# Center Display dead pixels



## GTi 1.8T (Mar 15, 2000)

Hi, 
My center display (instrument cluster) has several dead pixels. So much, that its impossible now to read anything (MPG, etc).
Is there a way to just get that display part, instead of changing the whole instrument cluster? 
If so, how easy is the install? immobilizer problem? 

Thank you!


----------



## TTC2k5 (May 23, 2008)

Usually two options.

repair:$$$, at places like....http://www.modulemaster.com/en/services/instrument_clusters.php


replace:$$$$$ from local dealer.

cheers


----------



## GTi 1.8T (Mar 15, 2000)

What about the ebay display unit that is selling? Anyone have tried it before?
Thanks


----------



## poopie (Feb 22, 2005)

people have used them with good results. have you ever reworked surfaced mounted components before?
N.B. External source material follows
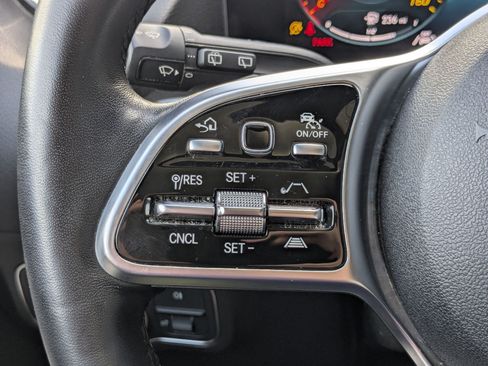 Used 2022 Mercedes-Benz GLA 250 4MATIC image 18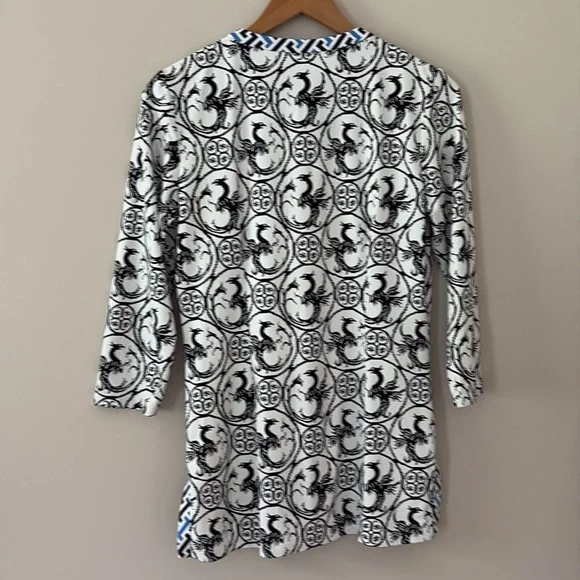 J McLaughlin Tunic Top Catalina Cloth Black White Phoenix Print 3/4 Sleeve Sz M - Picture 4 of 11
You might want to have a good electrical technician/engineer rework it for you.


----------



## DurTTy (Aug 14, 2007)

check ebay... there is actually vendors there that will offer to rebuild the4 cluster. 

i had my center LCD screen replaced by a locaal guy who offered the rebuild through ebay.


HERE IS THE SCREEN

HERE IS COMPLETE REBUILD


----------



## wrparrish (Nov 13, 2008)

I bought the $70 LCD screen, and installed it. I then reflowed the solder joints for the led backlighting on the temperature and fuel, as they would not illuminate unless you pressed the cluster inward. I never had any problems with the needles, so for $70 and 30 minutes of time, i was able to have my lcd display fixed, and a working as intended cluster.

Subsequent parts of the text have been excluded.